Encoding Custom Objects
Often, we want to encode our own objects in RLP. Examples from the Ethereum
world are transactions, blocks or anything send over the Wire. With pyrlp,
this is as easy as subclassing rlp.Serializable
:
>>> import rlp
>>> class Transaction(rlp.Serializable):
... fields = (
... ('sender', binary),
... ('receiver', binary),
... ('amount', big_endian_int)
... )
The class attribute fields
is a sequence of 2-tuples
defining the field names and the corresponding sedes. For each name an instance
attribute is created, that can conveniently be initialized with
__init__()
:
>>> tx1 = Transaction(b'me', b'you', 255)

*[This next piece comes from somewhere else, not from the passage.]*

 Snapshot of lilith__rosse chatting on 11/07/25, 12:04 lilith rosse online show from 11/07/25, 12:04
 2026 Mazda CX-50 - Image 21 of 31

>>> tx2 = Transaction(amount=255, sender=b'you', receiver=b'me')
>>> tx1.amount
255
At serialization, the field names are dropped and the object is converted to a list, where the provided sedes objects are used to serialize the object attributes:
>>> Transaction.serialize(tx1)
[b'me', b'you', b'\xff']
>>> tx1 == Transaction.deserialize([b'me', b'you', b'\xff'])
True
As we can see, each subclass of rlp.Serializable
implements the sedes
responsible for its instances. Therefore, we can use rlp.encode()
and
rlp.decode()
as expected:
>>> encode(tx1)
b'\xc9\x82me\x83you\x81\xff'
>>> decode(b'\xc9\x82me\x83you\x81\xff', Transaction) == tx1
True
Sedes Inference
As we have seen, rlp.encode()
(or, rather, rlp.infer_sedes()
)
tries to guess a sedes capable of serializing the object before encoding. In
this process, it follows the following steps:
Check if the object’s class is a sedes object (like every subclass of
rlp.Serializable
). If so, its class is the sedes.Check if one of the entries in
rlp.sedes.sedes_list
can serialize the object (viaserializable(obj)

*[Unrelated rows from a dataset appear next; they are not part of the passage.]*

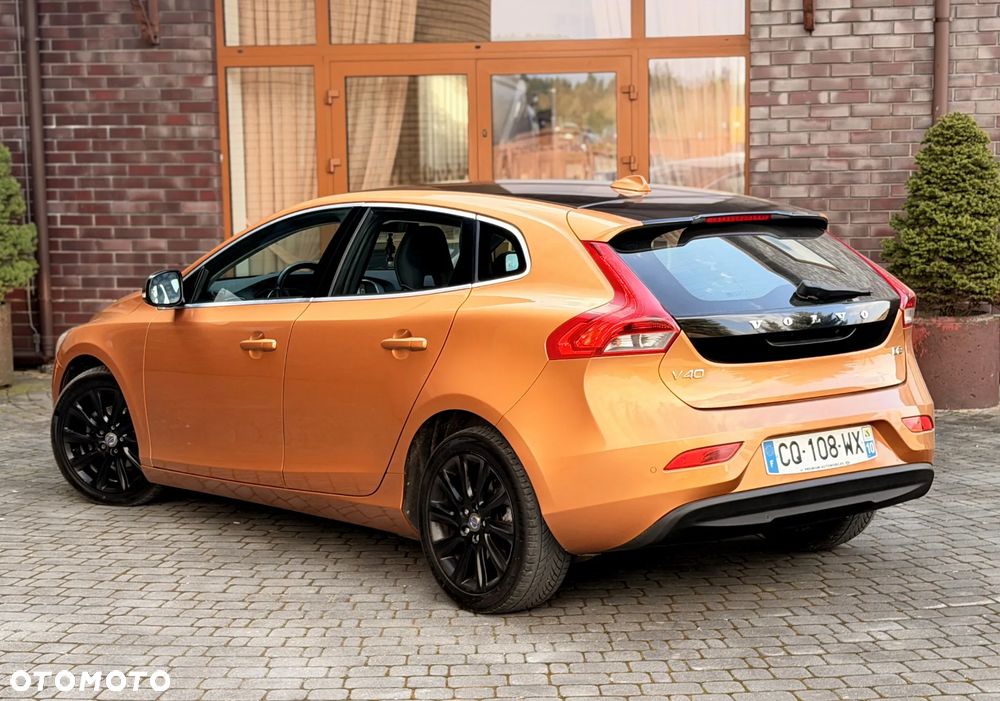Volvo V40 D2 R Design - 18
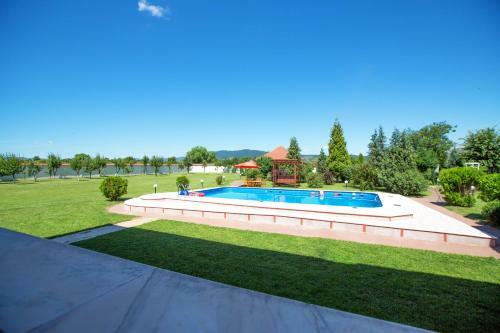Hostal Pensiunea Ovy & Dya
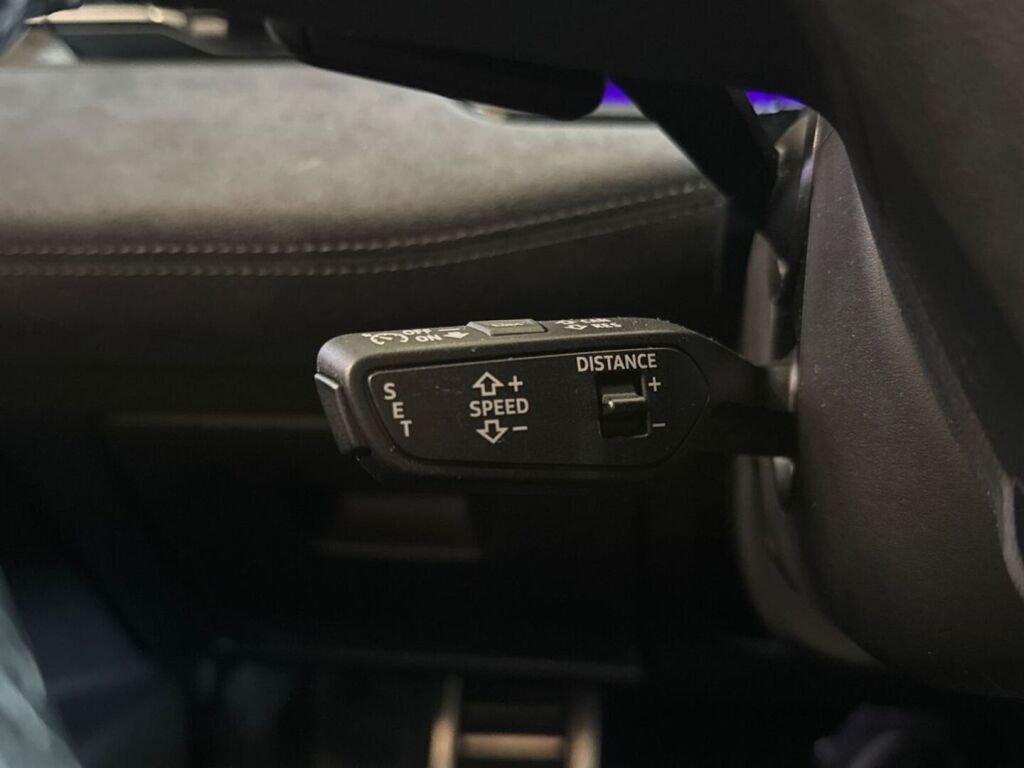 Audi S6 e-tron 2025 Ruskea (beige)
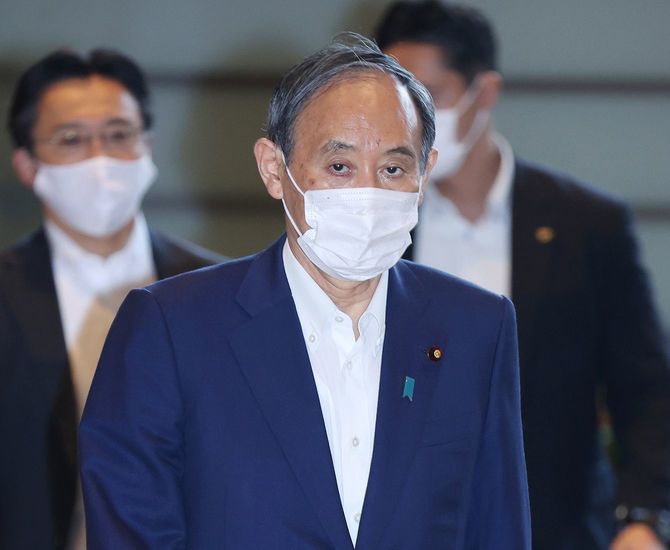 首相官邸に入る菅義偉首相=2021年9月3日午前、東京・永田町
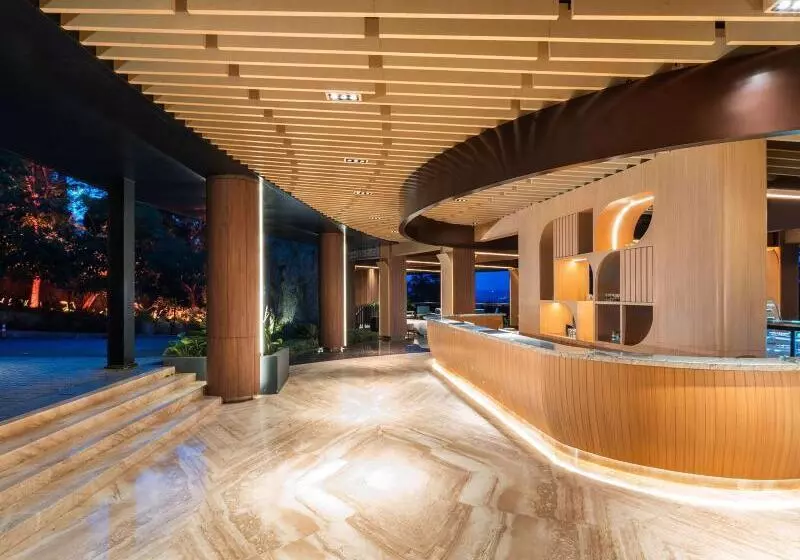 Hotelli Santika Premiere Hills Resort Cibadak – Sukabumi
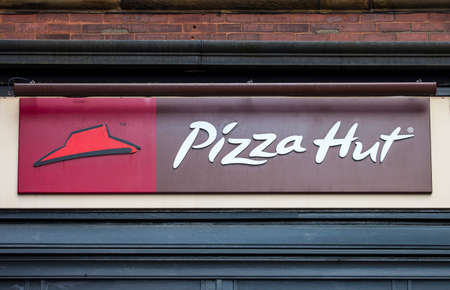 YORK, UK - AUGUST 27TH 2015: The logo of a Pizza Hut outlet in York, on 27th August 2015.のeditorial素材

). If so, this is the sedes.Check if the object is a sequence. If so, build a
rlp.sedes.List
by recursively infering a sedes for each of its elements.If none of these steps was successful, sedes inference has failed.

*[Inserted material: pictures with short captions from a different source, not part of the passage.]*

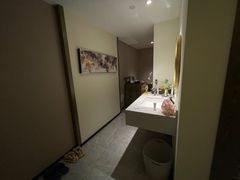 -曼谷一号酒店(深圳龙华大浪商业中心店)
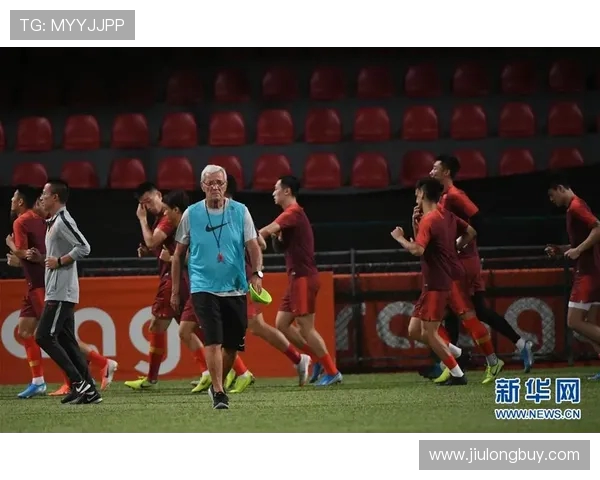 范晓东率队迎战上港挑战赛季巅峰对决展现足球激情与团队精神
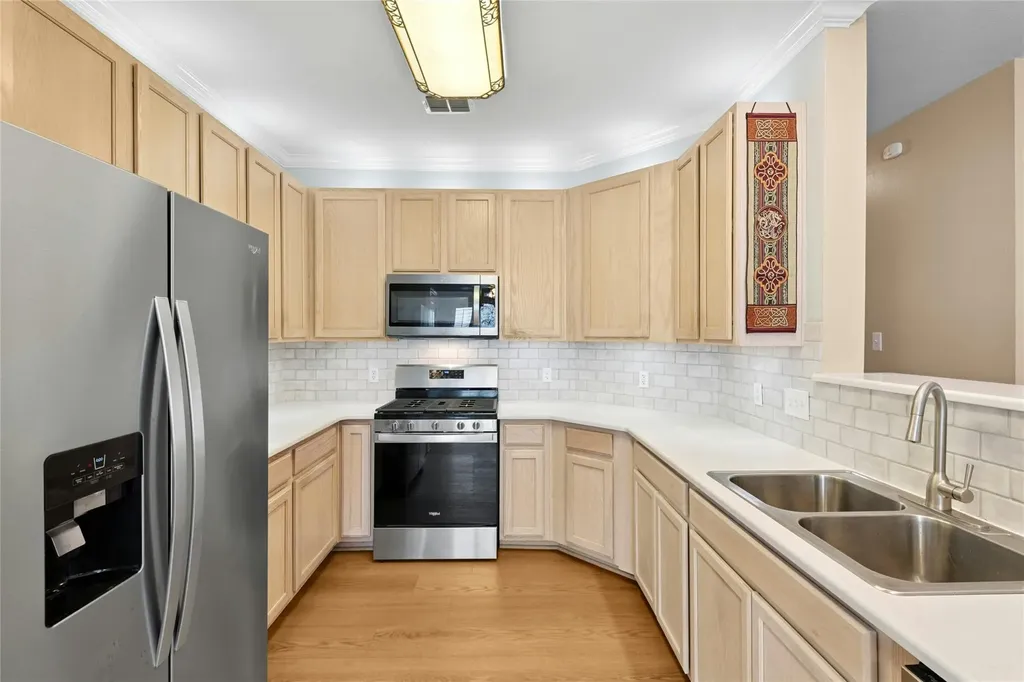 7500 Shadowridge Run Austin TX 78749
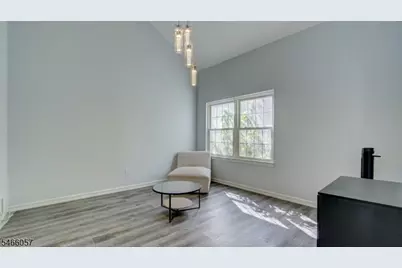 10 Starlight Ct, New Brunswick, NJ 08901 - Photo 4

If you have build your own basic sedes (e.g. for dicts
or floats
), you
might want to hook in at step 2 and add it to rlp.sedes.sedes_list
,
whereby it will be automatically be used by rlp.encode()
.
Further Reading
This was basically everything there is to about this package. The technical specification of RLP can be found either in the Ethereum wiki or in Appendix B of Gavin Woods Yellow Paper. For more detailed information about this package, have a look at the API Reference or the source code.